• [About this exercise]:
Word-for-word transcription: reproduce all of the data, but not the pictures.

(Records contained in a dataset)
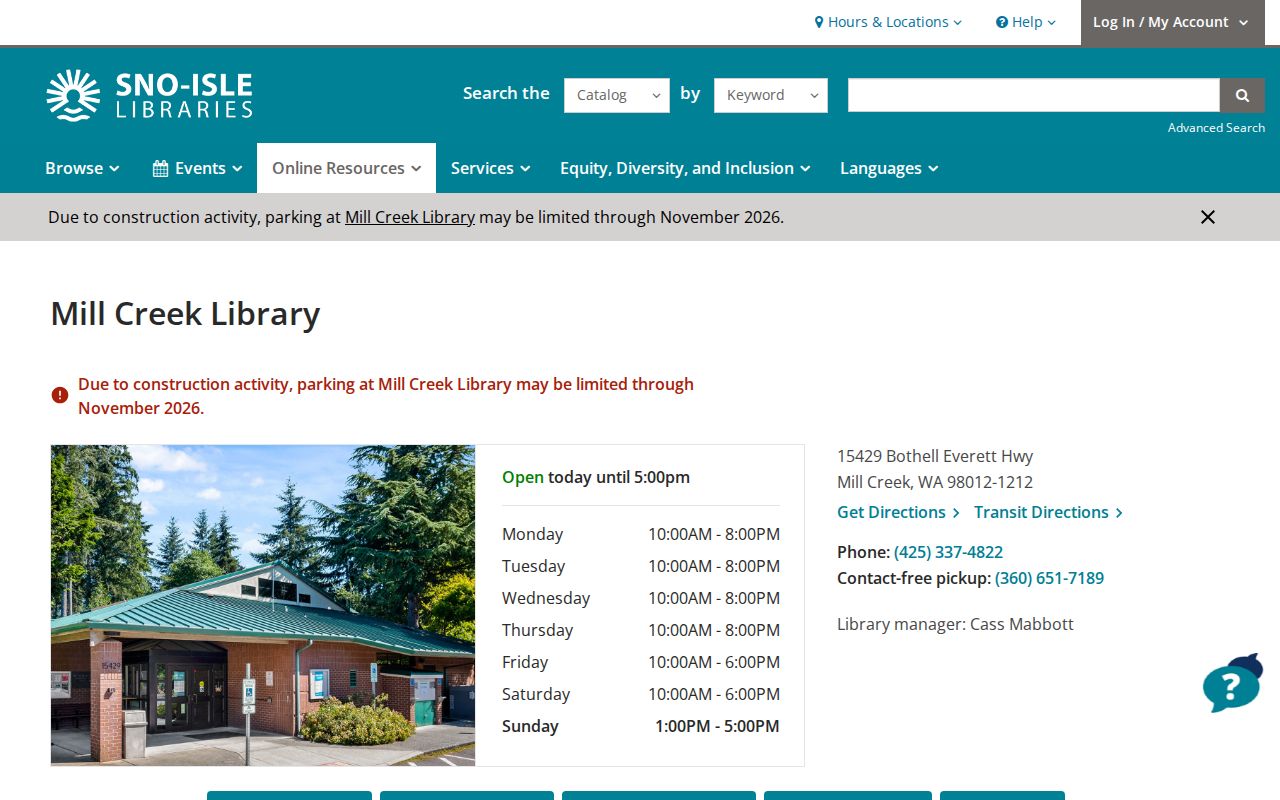 Mill Creek East people directories library access page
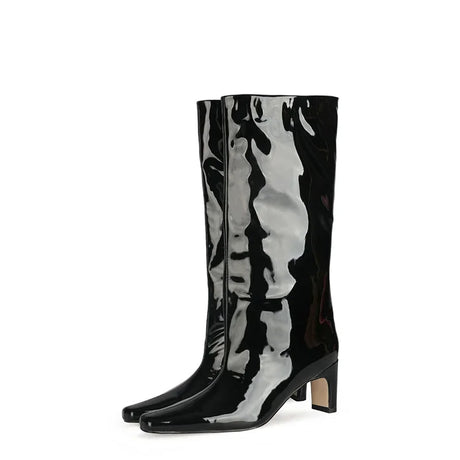 2024 NEW Fashion High Tube Knee High Boots 10cm/6.5cm Thick Heel 21 Colors Women Short Plush Boots Size 45 Winter Leather Shoes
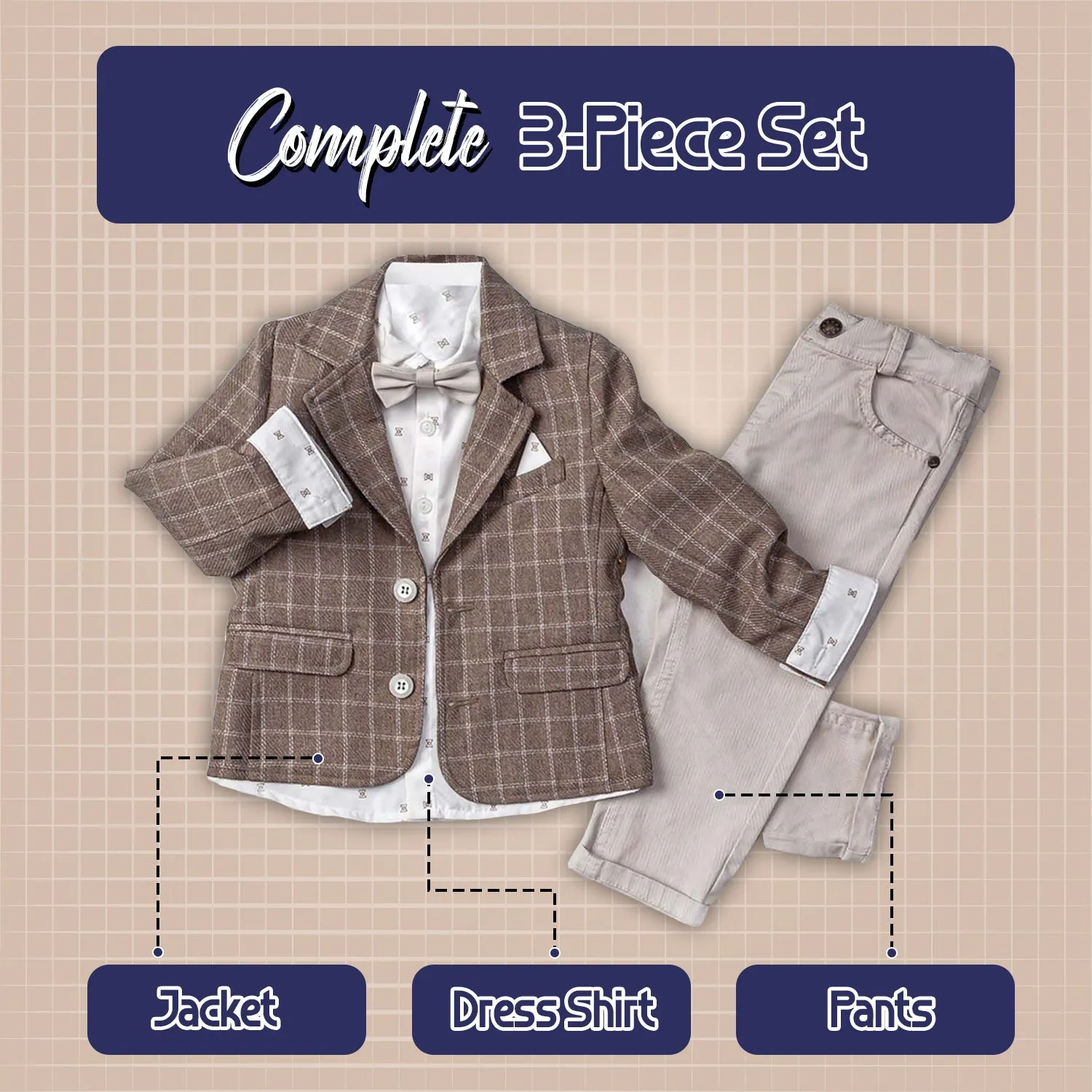 Little Boys' Jacket, Long Sleeve Button-Up Shirt and Pants 3-Piece Dressy Suit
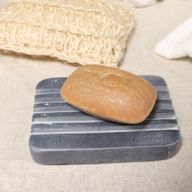 Grijze Speksteen Zeephouder 12x8,5 cm - Diepe Ribbels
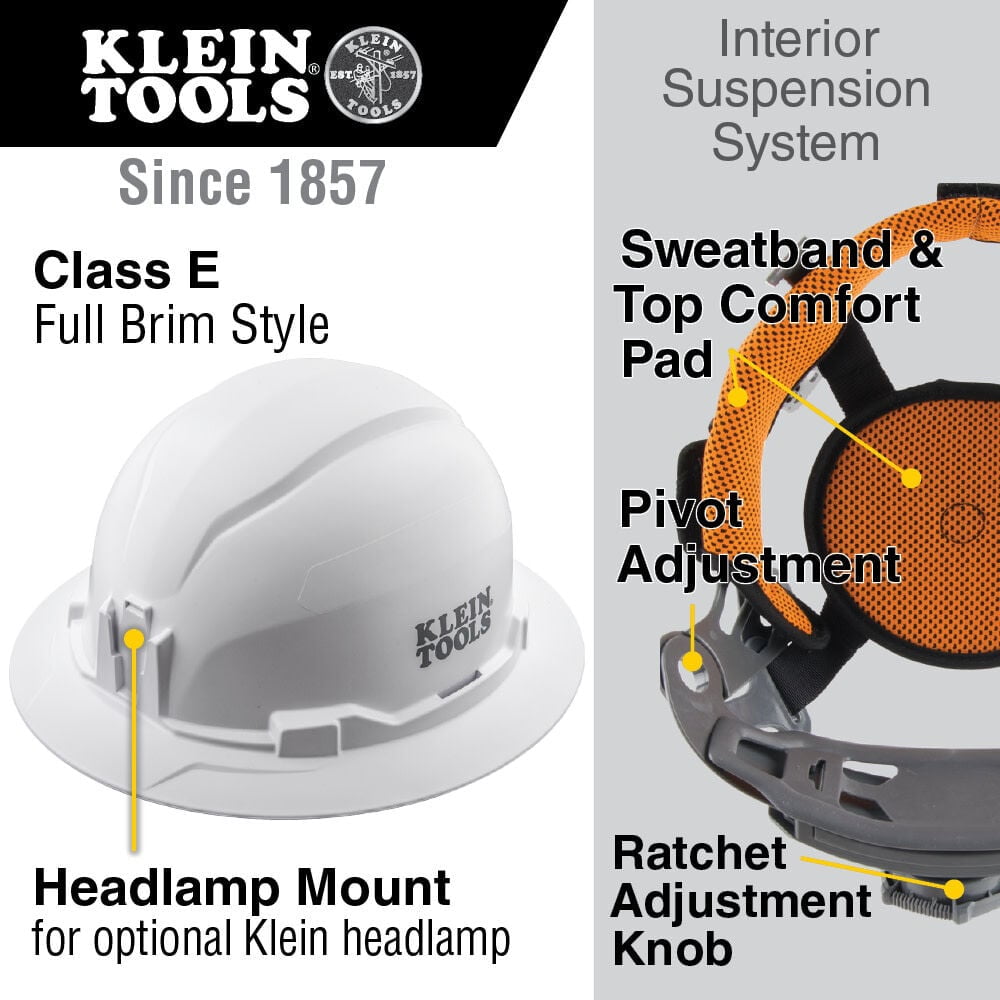Klein Tools Full Brim Style Non-Vented Hard Hat Hi Vis Lime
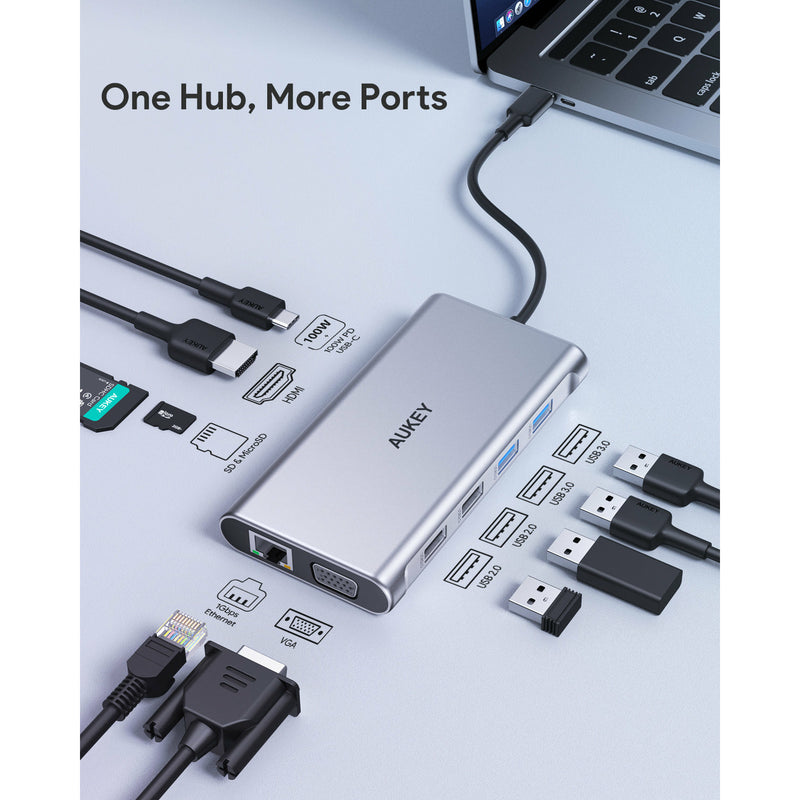 AUKEY CBC71 8 in 1 USB C Hub with Ethernet Port, 4K USB C to HDMI Black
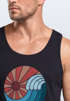 Herren Tank-Top Welle Wave Sonne Sommer Retro Vintage Printshirt Muskelshirt Muscle Shirt Neverless®preview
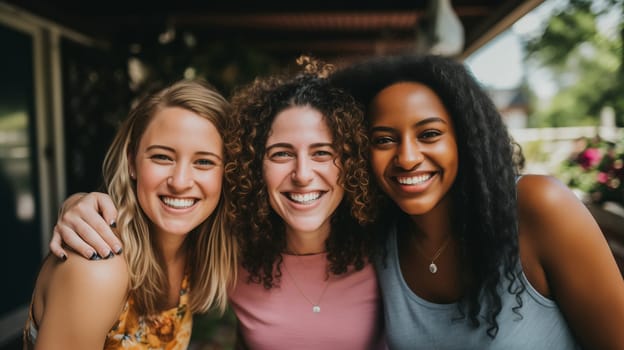 Friendly portrait of happy smiling diverse modern young people friends together, girlfriends women looking at camera on city street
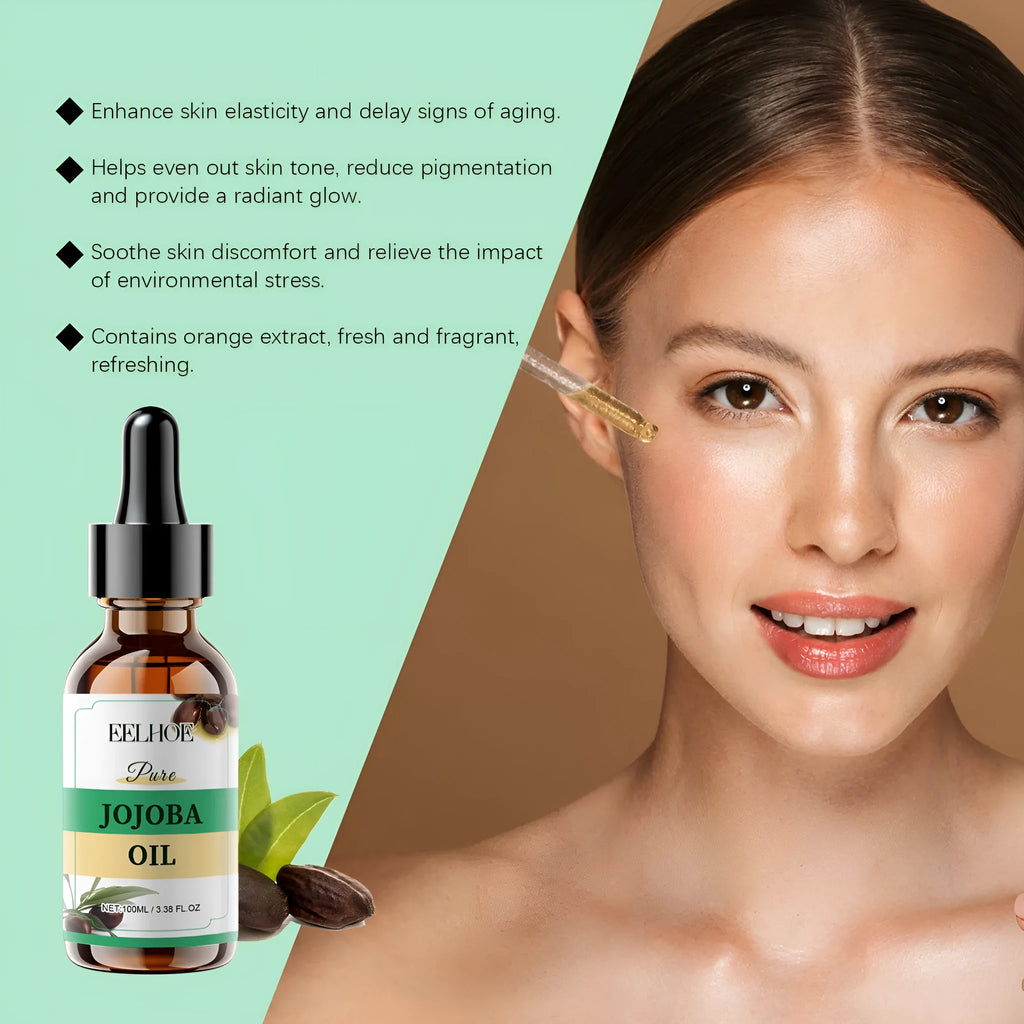 100ml glass bottle of organic jojoba oil facial essential oil with a dropper.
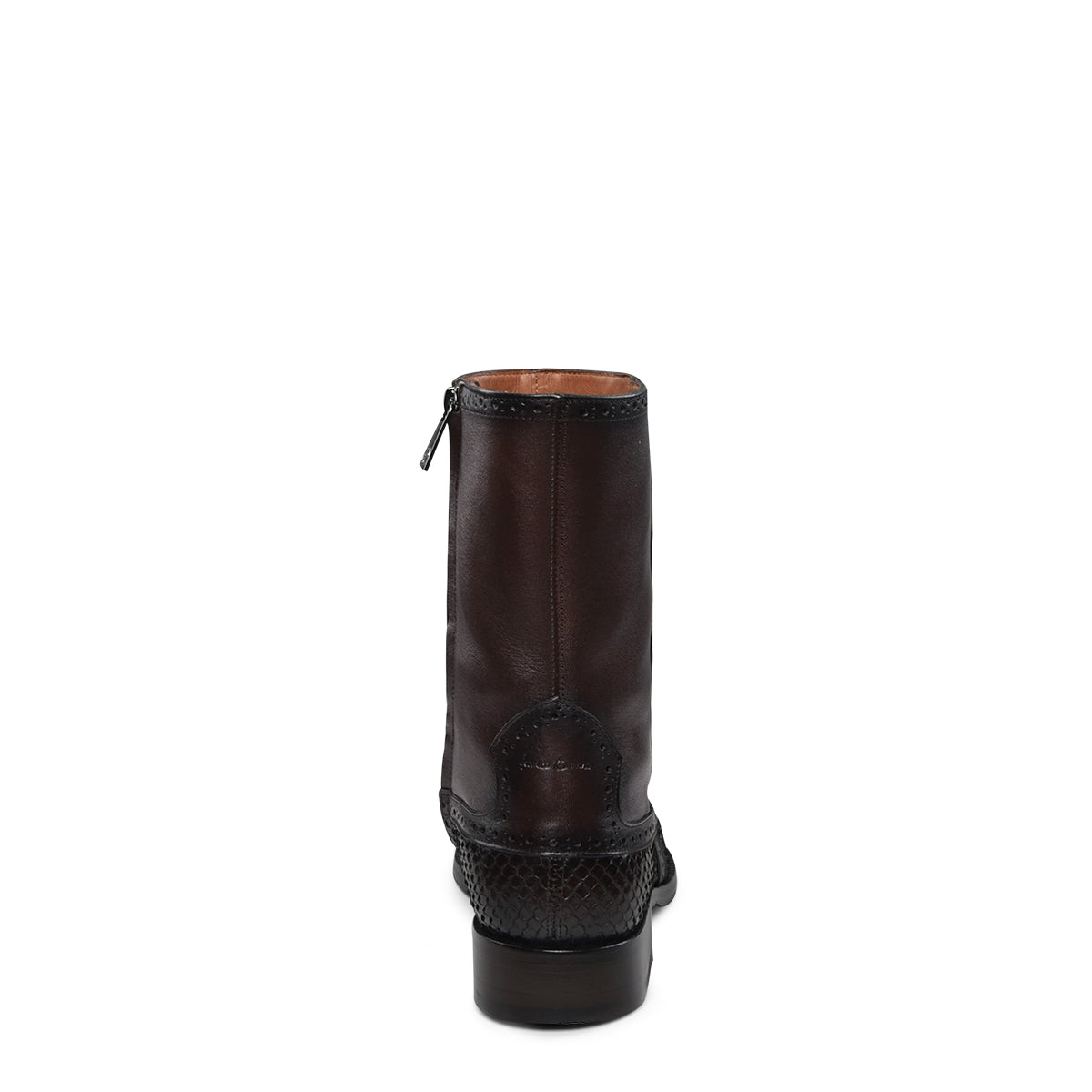 BROWN MALAYPYTHON R ZIPPER ROUND TOE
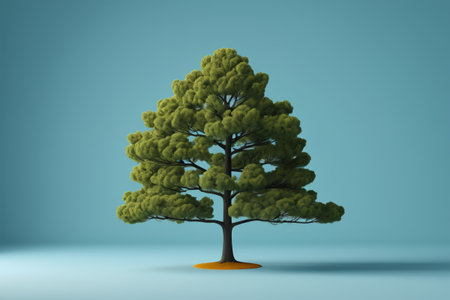 Simple background material for a single green treeの素材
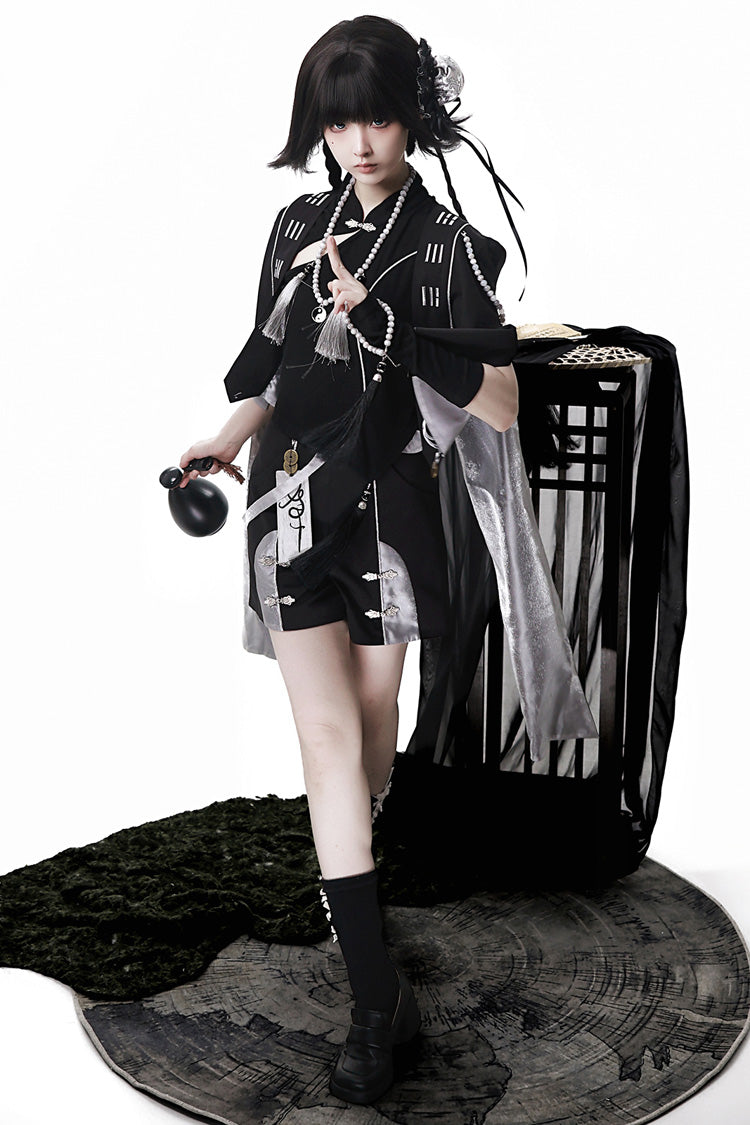 Black [The Strange End of the Immortal Sect] Sleeveless Chinese Style Ouji Lolita Set - Product - 10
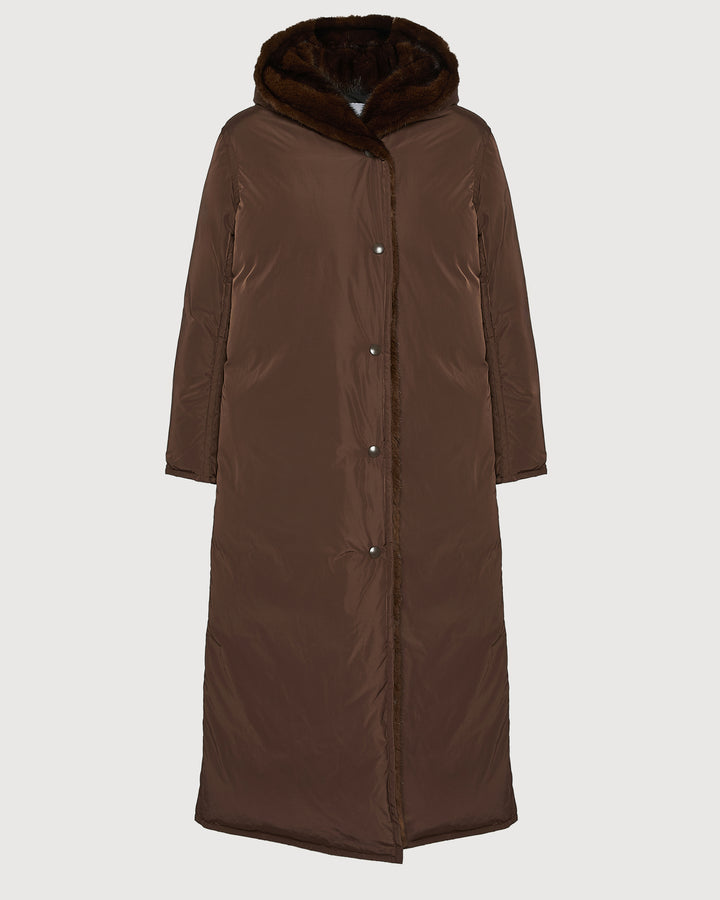 Black Friday - Yves Salomon - Manteau doudoune longue en tissu technique et fourrure de vison - bleu foncé - vue dos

• [Exercise answer]:
 Mill Creek East people directories library access page
 2024 NEW Fashion High Tube Knee High Boots 10cm/6.5cm Thick Heel 21 Colors Women Short Plush Boots Size 45 Winter Leather Shoes
 Little Boys' Jacket, Long Sleeve Button-Up Shirt and Pants 3-Piece Dressy Suit
 Grijze Speksteen Zeephouder 12x8,5 cm - Diepe Ribbels
Klein Tools Full Brim Style Non-Vented Hard Hat Hi Vis Lime
 AUKEY CBC71 8 in 1 USB C Hub with Ethernet Port, 4K USB C to HDMI Black
 Herren Tank-Top Welle Wave Sonne Sommer Retro Vintage Printshirt Muskelshirt Muscle Shirt Neverless®preview
 Friendly portrait of happy smiling diverse modern young people friends together, girlfriends women looking at camera on city street
 100ml glass bottle of organic jojoba oil facial essential oil with a dropper.
 BROWN MALAYPYTHON R ZIPPER ROUND TOE
 Simple background material for a single green treeの素材
 Black [The Strange End of the Immortal Sect] Sleeveless Chinese Style Ouji Lolita Set - Product - 10
 Black Friday - Yves Salomon - Manteau doudoune longue en tissu technique et fourrure de vison - bleu foncé - vue dos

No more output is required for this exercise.